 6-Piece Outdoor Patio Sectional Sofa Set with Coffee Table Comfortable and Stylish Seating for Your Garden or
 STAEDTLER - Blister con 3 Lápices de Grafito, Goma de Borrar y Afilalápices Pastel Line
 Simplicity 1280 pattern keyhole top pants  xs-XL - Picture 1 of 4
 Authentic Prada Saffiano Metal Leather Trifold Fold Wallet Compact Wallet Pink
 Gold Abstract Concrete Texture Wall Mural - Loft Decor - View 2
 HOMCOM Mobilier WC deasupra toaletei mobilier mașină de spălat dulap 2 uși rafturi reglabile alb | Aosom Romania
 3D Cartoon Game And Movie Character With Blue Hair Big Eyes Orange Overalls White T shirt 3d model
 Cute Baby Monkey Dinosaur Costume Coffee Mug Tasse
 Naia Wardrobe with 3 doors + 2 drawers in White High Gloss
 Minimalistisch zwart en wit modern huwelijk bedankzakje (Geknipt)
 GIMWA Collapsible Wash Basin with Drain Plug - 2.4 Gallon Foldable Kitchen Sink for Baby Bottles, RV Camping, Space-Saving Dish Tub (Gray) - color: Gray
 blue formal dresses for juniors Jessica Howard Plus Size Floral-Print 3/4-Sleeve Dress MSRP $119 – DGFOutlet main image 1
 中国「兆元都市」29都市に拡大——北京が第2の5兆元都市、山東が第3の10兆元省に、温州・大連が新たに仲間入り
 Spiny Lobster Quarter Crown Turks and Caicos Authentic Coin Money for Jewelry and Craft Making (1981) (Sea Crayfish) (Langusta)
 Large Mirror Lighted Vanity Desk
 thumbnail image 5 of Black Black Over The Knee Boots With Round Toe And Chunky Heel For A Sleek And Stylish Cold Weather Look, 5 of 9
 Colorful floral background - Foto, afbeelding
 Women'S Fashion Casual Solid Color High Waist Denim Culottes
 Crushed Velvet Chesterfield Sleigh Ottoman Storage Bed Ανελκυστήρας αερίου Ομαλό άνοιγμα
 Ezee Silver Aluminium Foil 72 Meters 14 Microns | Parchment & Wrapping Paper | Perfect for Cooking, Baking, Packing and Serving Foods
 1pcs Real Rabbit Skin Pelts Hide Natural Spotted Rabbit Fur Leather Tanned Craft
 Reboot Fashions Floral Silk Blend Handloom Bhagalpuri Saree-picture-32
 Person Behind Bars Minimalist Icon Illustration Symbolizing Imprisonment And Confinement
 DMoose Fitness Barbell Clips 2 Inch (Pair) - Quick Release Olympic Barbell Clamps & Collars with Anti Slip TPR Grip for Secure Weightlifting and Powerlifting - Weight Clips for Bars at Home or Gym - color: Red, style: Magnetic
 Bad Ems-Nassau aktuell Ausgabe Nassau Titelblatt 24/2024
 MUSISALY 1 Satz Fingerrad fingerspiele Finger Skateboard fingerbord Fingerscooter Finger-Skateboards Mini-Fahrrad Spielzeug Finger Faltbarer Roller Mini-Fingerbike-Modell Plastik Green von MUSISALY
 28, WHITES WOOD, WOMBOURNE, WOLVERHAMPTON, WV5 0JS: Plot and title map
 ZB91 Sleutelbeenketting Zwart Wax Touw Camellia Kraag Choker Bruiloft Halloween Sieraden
====
### The problem
Nothing but the lines from the one with "MUSISALY 1 Satz" through the last line of the entries should be repeated, and those exactly.

### Expected answer
 MUSISALY 1 Satz Fingerrad fingerspiele Finger Skateboard fingerbord Fingerscooter Finger-Skateboards Mini-Fahrrad Spielzeug Finger Faltbarer Roller Mini-Fingerbike-Modell Plastik Green von MUSISALY
 28, WHITES WOOD, WOMBOURNE, WOLVERHAMPTON, WV5 0JS: Plot and title map
 ZB91 Sleutelbeenketting Zwart Wax Touw Camellia Kraag Choker Bruiloft Halloween Sieraden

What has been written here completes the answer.